Um hotel de cinco estrelas para os sem-abrigo do Porto
Ainda há em Portugal capitalistas e grandes empresários capazes de gestos magnânimos.
No dia 18 de Fevereiro de 2011 publiquei neste diário um texto com o título “O BES abre... ou fecha?”, em que me referia à inutilização de um “conjunto diversificado de espaços” edificados, num “pequeno e bonito bairro” do Porto, chamado Graham, Complexo Residencial da Boavista, ou Foco, e esclarecia: “O cinema (“Estúdio Foco”), que alguns diziam o melhor do Porto, está fechado há uns 15 anos, sem outra serventia. A piscina interior, como o chamado centro social, ou clube, deixou de funcionar há perto de uma década. A piscina exterior e o hotel (Tivoli), onde se hospedavam presidentes da República (Jorge Sampaio não queria outro no Porto), campeões europeus de futebol, e gente célebre como Umberto Eco ou António Lobo Antunes, encerrou, sem aviso prévio, vai para uns três anos.”
De nada valeu esta denúncia, ou só valeu para suscitar uma refinada rectificação do BES: ele já não era o proprietário do conjunto desses espaços, a propriedade passara para uma empresa (...que ele criara e a que estava associado!).
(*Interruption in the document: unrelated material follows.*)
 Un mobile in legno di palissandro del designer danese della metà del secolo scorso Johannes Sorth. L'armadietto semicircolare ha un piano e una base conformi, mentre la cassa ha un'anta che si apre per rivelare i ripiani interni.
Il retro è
Tal empresa não anunciou as diligências que fizera ou iria fazer para tornar úteis esses espaços, concebidos de raiz para favorecer a qualidade de vida dos residentes do bairro e dos forasteiros; nenhum governante ou autarca a ameaçou com sanções por deixar de cumprir funções previstas em 1973 pelo arquitecto Ricca Gonçalves e pela Câmara Municipal do Porto, por desperdiçar bons equipamentos e instalações, ou por ter acabado com postos de trabalho; e ninguém, nem mesmo os prejudicados comerciantes do bairro, manifestou publicamente a sua justificada indignação.
Meia dúzia de anos depois, continua a não se divisar vivalma a entrar ou a sair dos referidos hotel, cinema, centro social, piscinas. Mas há semanas pareceu acender-se uma luzinha quando uma escavadora andou a fazer furos junto de uma das piscinas e no jardim que está em frente, o jardim que, por sugestão minha, de que me orgulho, se chama Machado de Assis, e que, curiosamente, é enquadrado pelas ruas Fernando Pessoa, Afonso Lopes Vieira e Eugénio de Castro.
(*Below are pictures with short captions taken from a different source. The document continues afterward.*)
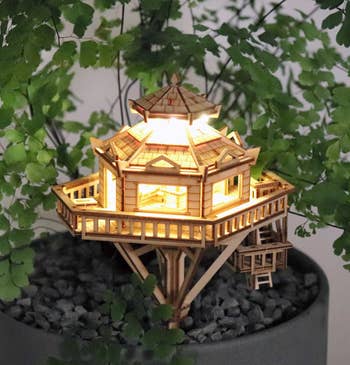 the same wooden model house illuminated from within 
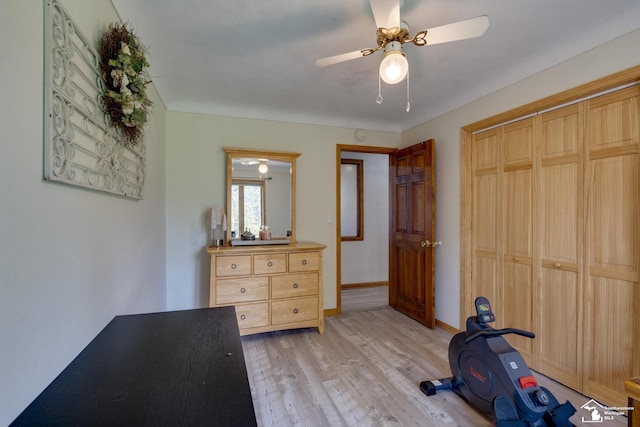 interior space with light wood finished floors, a ceiling fan, a closet, and baseboards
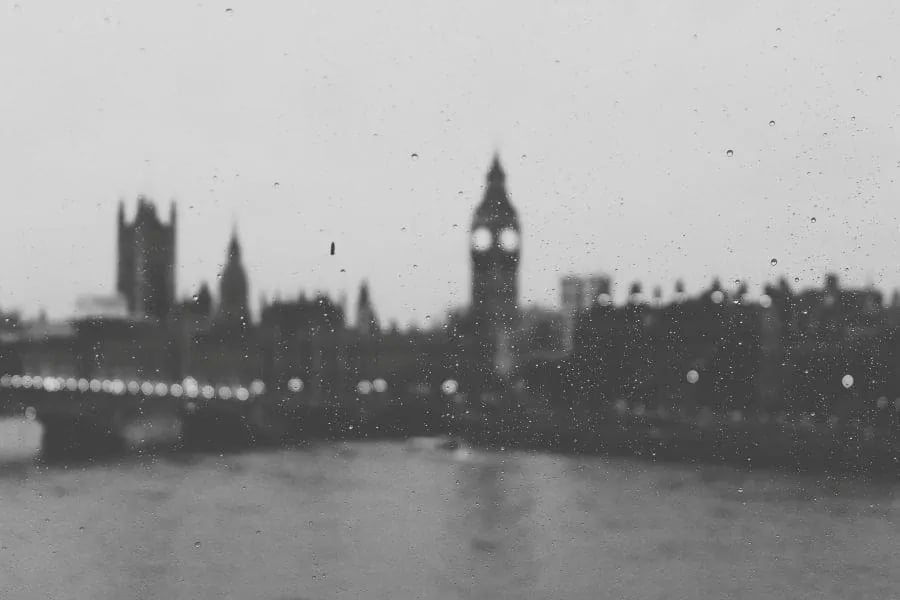 Foto hitam putih menerusi jendela yang dicoreti titisan hujan: menara jam Big Ben dan tebing sungai London yang kabur dalam kabus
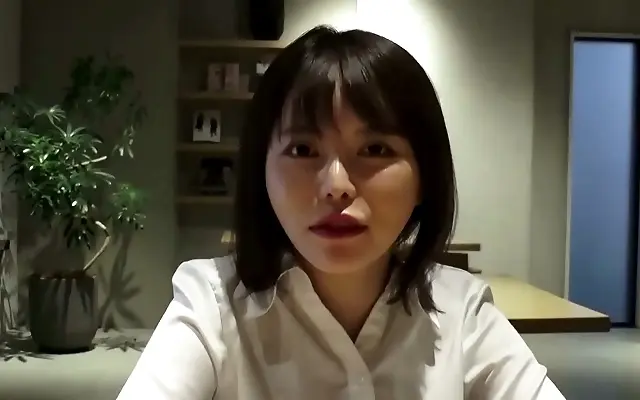 Japanese office beauty teases with a sultry blowjob in the hotel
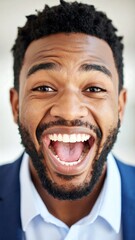 Close-up portrait of a man with a wide, joyful smile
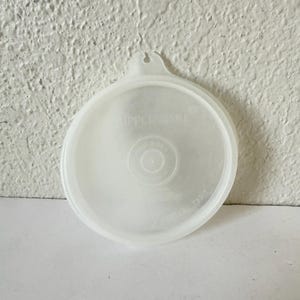 May include: A clear, round Tupperware lid with a small handle. The lid has the Tupperware logo and other text printed on it. The lid is made of a translucent plastic material.
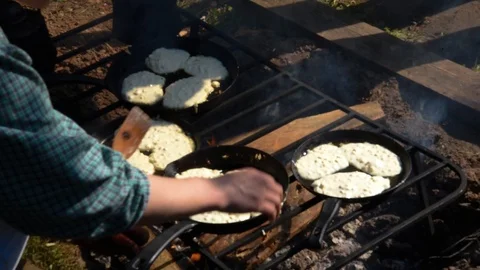 Cooking cakes in pans on an open fire. Stock Footage 117627345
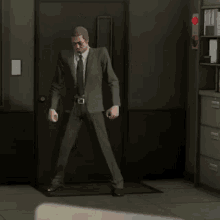 a man in a suit is standing in a doorway with the words welcome to minnmax written on it .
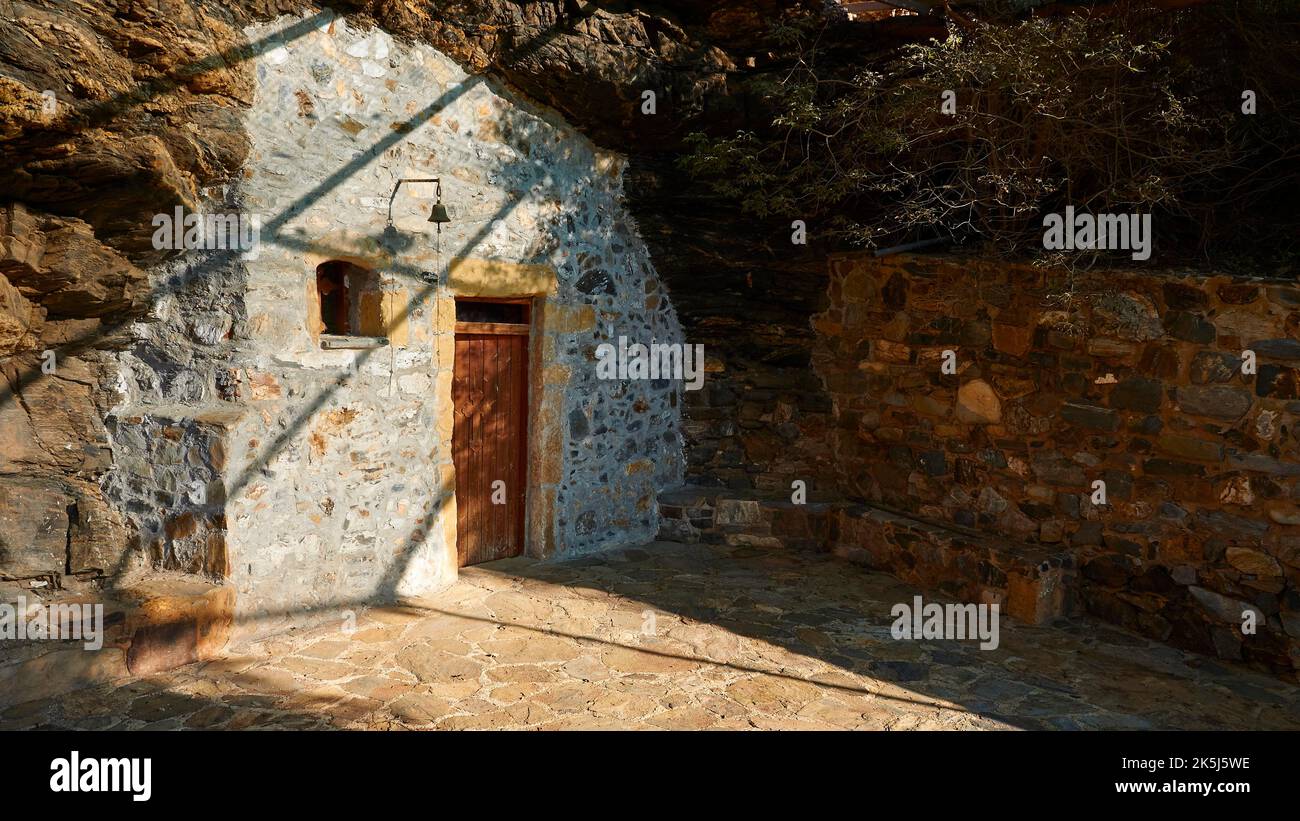 Agios Onoufrios rock church, paved forecourt, small bell, shade, Ravdoucha, Rodopou peninsula, western Crete, island of Crete, Greece Stock Photo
É certo que a escavadora foi logo embora, e voltou a cair sobre a extensa área edificada a poeira do velho silêncio estéril. Mas desde então não falta quem lhe aponte um novo destino. Ao longo dos anos em que esteve encerrada, corriam vozes desencontradas a dizer que ela se transformaria num hotel ampliado, ou num centro de saúde, ou num lar de idosos; mais recentemente, constava que ela passaria a funcionar como extensão de um hospital privado, que é o que ainda está a dar. Ora, depois dos furos começou a constar que os actuais donos do espaço há tanto tempo inutilizado — quem são? — o vão abrir e disponibilizar aos sem-abrigo do Porto.
Não se sabe ao certo o que está por detrás de tão insólita decisão; há sempre os que desconfiam, como os pobres quando a esmola é grande. Supõem alguns que os donos actuais se enfadaram com a ponderação dos vários projectos furados; dizem outros que quiseram fugir à humilhação das penalizações que o Estado vai certamente aplicar a proprietários de florestas, de terras ou de propriedades há muito abandonadas; mas também há quem admita que eles se condoeram, pois são sensíveis, com os sem-abrigo que numa noite chuvosa e fria viram estendidos junto da porta há mais de 20 anos encerrada do Estúdio Foco; e não falta quem diga que saindo altas horas de uma festa tropeçaram num filho e num sobrinho que trabalhavam com os voluntários do C.A.S.A. (Centro de Apoio aos Sem-Abrigo) ou do grupo Saber Compreender, como não falta quem garanta que na mesma noite eles deram de caras com o Presidente Marcelo — saído de um convívio com alguns sem-abrigo do centro do Porto —, que os cumprimentou e, com irresistível afecto, os incitou a fazer alguma coisa para que em 2023 já não haja em Portugal mais pessoas a dormir na rua.
Sejam quais forem as razões da insólita decisão, o que importa é que ela vai levar para o antigo hotel Tivoli (cinco estrelas) alguns dos cem sem-abrigo portuenses que dormem na rua, ou alguns dos 400 que dormem em casas em ruínas. Mas essa decisão também provará que ainda há em Portugal capitalistas e grandes empresários capazes de gestos magnânimos.